Inhabitat reports that the Hjertefølger family has been living on Sandhornøya island in Norway since 2013, and has done so by living in a three-story cob home called the Nature House. Constructed from sand, water, clay, and other organic materials, the structure took just three weeks to build and is surrounded by a functional and solar geodesic dome.
The SOLARDOME encasement is 25-foot high and completely encapsulates the five-bedroom, two bathroom abode. This building protects the six-person family from strong winds and heavy snow loads. Additionally, it helps to drastically reduce the heating bill.
Because the geodesic dome extends past the cob home, there is room for a garden area which supplies the family with apples, cherries, plums, apricots, kiwis, grapes, cucumbers, tomatoes, herbs, squash and melons – basically, much of their food supply. The family is able to subsist sustainably despite living without sunlight for three months every year.

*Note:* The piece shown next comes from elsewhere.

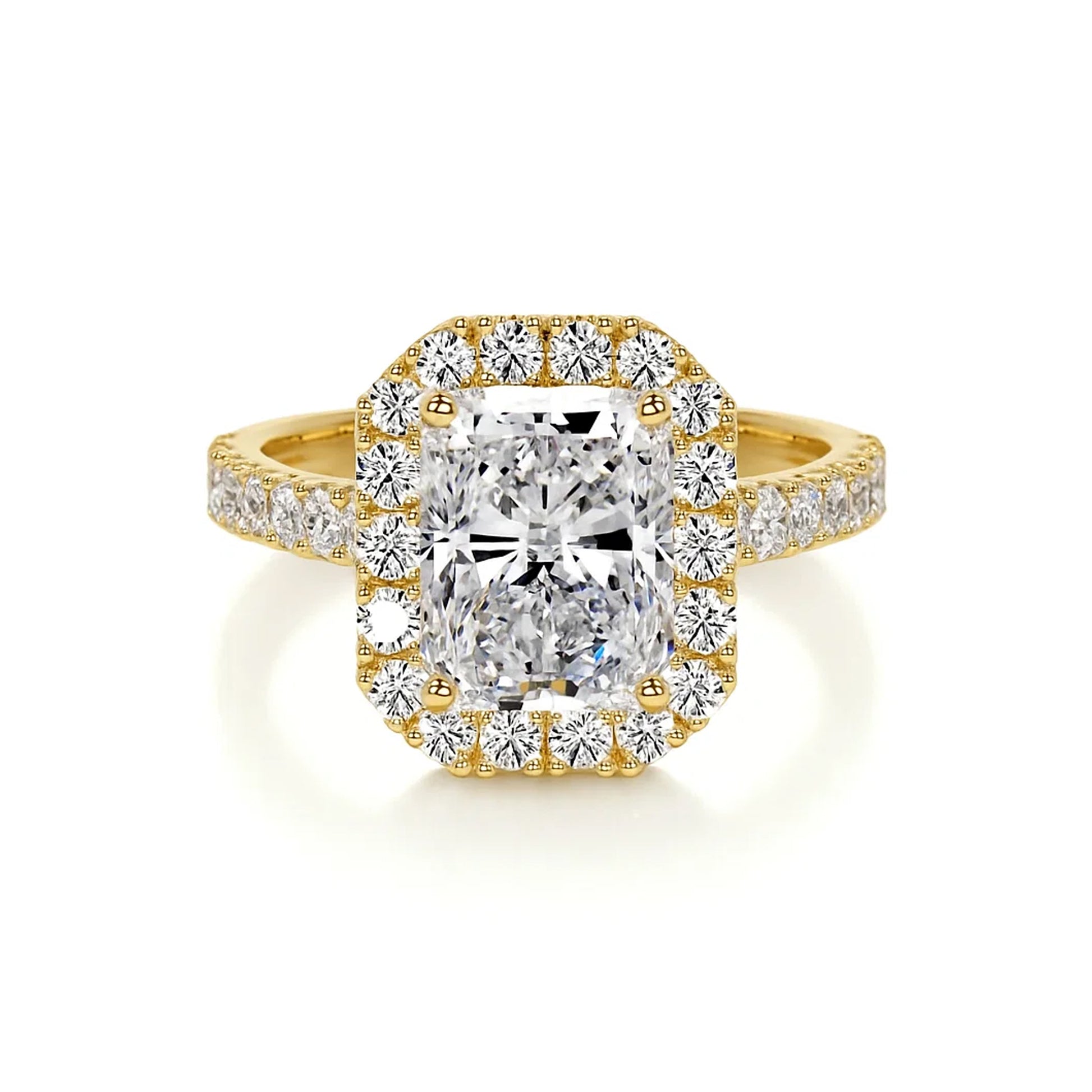 Halo Radiant Lab Diamond Ring in 18K Yellow Gold 4 Prong Setting - Neoshine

"We love the house; it has a soul of its own and it feels very personal. What surprises us is the fact that we built ourselves anew as we built the house. The process changed us, shaped us."
It's been three years since the Hjertefølger family moved to the Arctic Circle, and they have no intention of leaving the sanctuary that's been built.
"The feeling we get as we walk into this house is something different from walking in to any other house," Hjertefølger shares. "The atmosphere is unique. The house has a calmness; I can almost hear the stillness. It is hard to explain. But it would have been impossible getting this feeling from a house someone else has planned and built for us, or a house with corners and straight lines."